JOLIET — The Republican-led Will County Executive Committee pushed forward Thursday with a plan to use RTA funds to help pay for a new courthouse despite Nick Palmer, the county executive's chief of staff, arguing the move leaves fewer dollars for road projects.
The proposal moved forward during Thursday's committee meeting, but not before a heated debate between Palmer and Will County Executive Committee Chairman Jim Moustis, R-Frankfort.
At issue was whether officials can afford to divert 25 percent of RTA sales tax revenue each year to help build a new courthouse.

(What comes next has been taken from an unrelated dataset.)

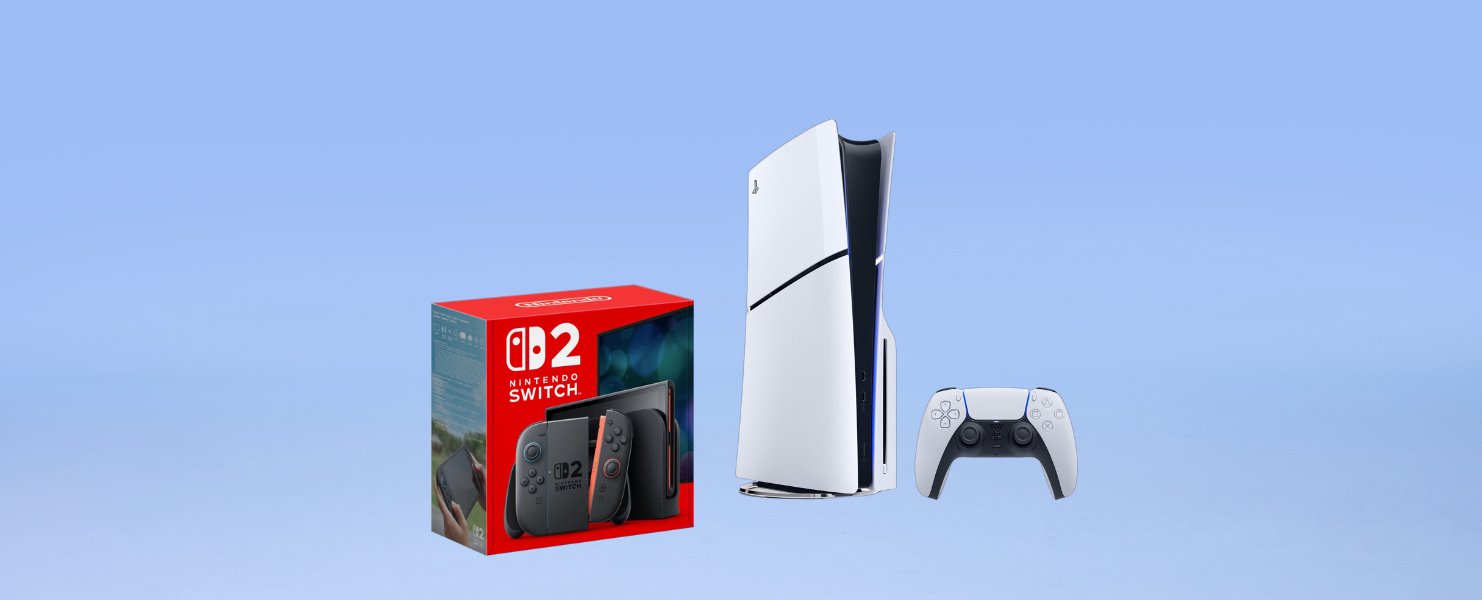 Gaming Consoles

Palmer said County Executive Larry Walsh Sr., a Democrat, has already agreed to pull about $16 million total in RTA funds in 2016 and 2017 to help pay for a new sheriff's facility at Route 52 and Laraway Road.
The proposal presented Thursday would allow the county to take 25 percent — or an additional $6 million — from the RTA funds on a yearly basis starting in 2018 to pay off bonds associated with the courthouse.
“If you look at the numbers, you'll see that it's not going to work. We are going to significantly reduce … If that's your choice, then that's that,” Palmer said.
Moustis argued the county is "sitting on" $110 million in reserves — or about three year's worth of projects — between RTA funds and motor-fuel tax funds. There's more than enough to go around, he said.
Annual RTA revenue is about $24 million, but Palmer said the county is still paying back $100 million in bonds issued to shore up the county's Build Will program, a multiyear transportation plan.
Palmer said he had a projection spreadsheet, showing a reduction in RTA and MFT funds over a 10-year period with money being diverted elsewhere.
“Let's just move on," Moustis said. "I could probably do a spreadsheet that would show something different."
Other Republican board members argued using the RTA and MFT funds would avoid a tax hike.
Palmer then criticized Moustis for not allowing a recent proposal from Walsh's office to be heard by committee. Walsh wants to establish a cash reserve policy for RTA and MFT funds, Palmer said.
“Mr. Chairman, I would like to ask one question. We submitted to the board a request for [an agenda item]. It was not granted but I didn't expect you to take action and vote yes or no on this today," Palmer said. "Can we get a hearing on the proposals? You can vote them up or you can vote them down.”
Moustis said "the answer is no," telling Palmer to get someone else on the committee to bring it forward.
“But you make the decisions, Mr. Chairman, as far as committees go,” Palmer said. “We're not going to get a hearing. So this is like Springfield. That's what we've become.”